Indiana has a higher effective tax rate for such businesses because it taxes personal property, according to the chamber. Property and business entity taxes impact these companies the most.
But the state is more competitive with headquarters because of its relatively low sales and business entity taxes — which are a bigger part of the tax burden headquarters typically pay.
“Indiana ranks fifth lowest among benchmark states for total effective business tax rate at 3.8%, well below the U.S. average of 5.0%,” said David Ober, senior vice president of business operations and finance, in a news release. “We are well-positioned as a leader in overall business tax competitiveness.”
“However, when you focus on specific industries for which Indiana is known, such as manufacturing and life sciences, the data shows opportunities for improvement,” he continued. “By addressing these areas, we can further sharpen our competitive advantage and continue to drive economic growth.”
The chamber’s report also examines state property, sales and individual income tax, along with local impositions.
Ernst & Young, an Indianapolis-based consultancy, conducted the study.
Other taxes
The chamber found that Indiana’s total tax burden — state and local — has been consistently under the U.S. average.
Hoosier taxes per capita totaled $5,600 in the 2022 fiscal year, compared to about $7,100 nationally. Indiana’s combined tax burden was about 9.6% of personal income, lower than the 10.8% U.S. average and in the middle of the benchmark states.
But, the chamber said, Indiana “stands out” for getting a relatively high share of state and local revenue from individual income and sales tax, with a lower share from corporate income and other taxes. That’s without the option for a local sales tax.
Property taxes have been a major Hoosier constituent complaint and political problem. They provided 23% of Indiana’s state and local revenue — lower than the U.S. average of 29% and lower than 11 benchmark states.
“Our state’s tax climate is the result of sustained efforts over decades to build a strong, business-friendly environment,” chamber President and CEO Vanessa Green Sinders said.
“Indiana is well-positioned among our peers to attract capital investment and support long-term economic growth,” she said. “The data from phase one of this study highlights key opportunities for improvement, which will help us gain a competitive edge moving forward.”
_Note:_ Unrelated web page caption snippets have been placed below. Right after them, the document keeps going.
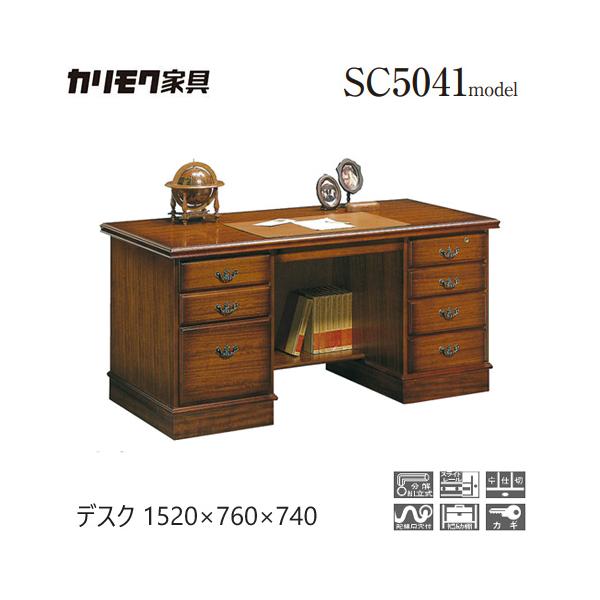 『karimoku』カリモク 両袖机 エグゼクティブデスク 書斎机 ワークデスク karimoku』カリモク 両袖机 エグゼクティブデスク 役員デスク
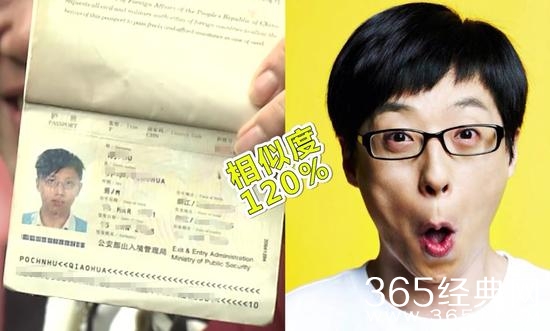 了不起的挑战为什么延播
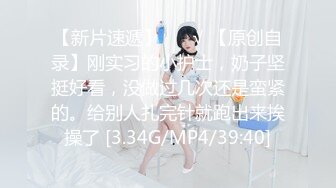 【推特巨乳】hhh1231 又叫 Sera 最新啪啪长视频 onlyfans福利 (3)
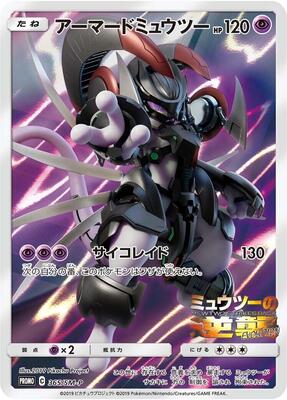 Armored Mewtwo - 365/SM-P #365/SM-P — stock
It’s the first in a two-part examination of Indiana’s tax structure in comparison to the benchmark states; phase two is expected to offer tax reform recommendations.
“This study marks the first step in a larger effort,” Sinders said.
“As we move forward, we will meet with key lawmakers, administration officials and local leaders across Indiana to ensure that the findings from phase one are used to drive policy decisions,” she added. “Our goal is to work collaboratively to shape policies that strengthen Indiana’s economic foundation and keep us ahead in the competitive landscape.”
Legislators will enter the biennial budget-writing session in January. Lawmakers are also considering long-term tax reform as part of a two-year task force.
The tax study was informed by consultations with the chamber’s Tax Research Advisory Committee, which includes representatives from key business sectors, tax policy experts, consultants, some state agencies and economic development professionals.
The chamber identified Ambassador Enterprises and AES Indiana as lead investors in the project. Other contributors were Maple Leaf Farms, bp America, dormakaba Americas, Cleveland-Cliffs Inc., Al & Kathy Hubbard, OneMain Financial and CountryMark.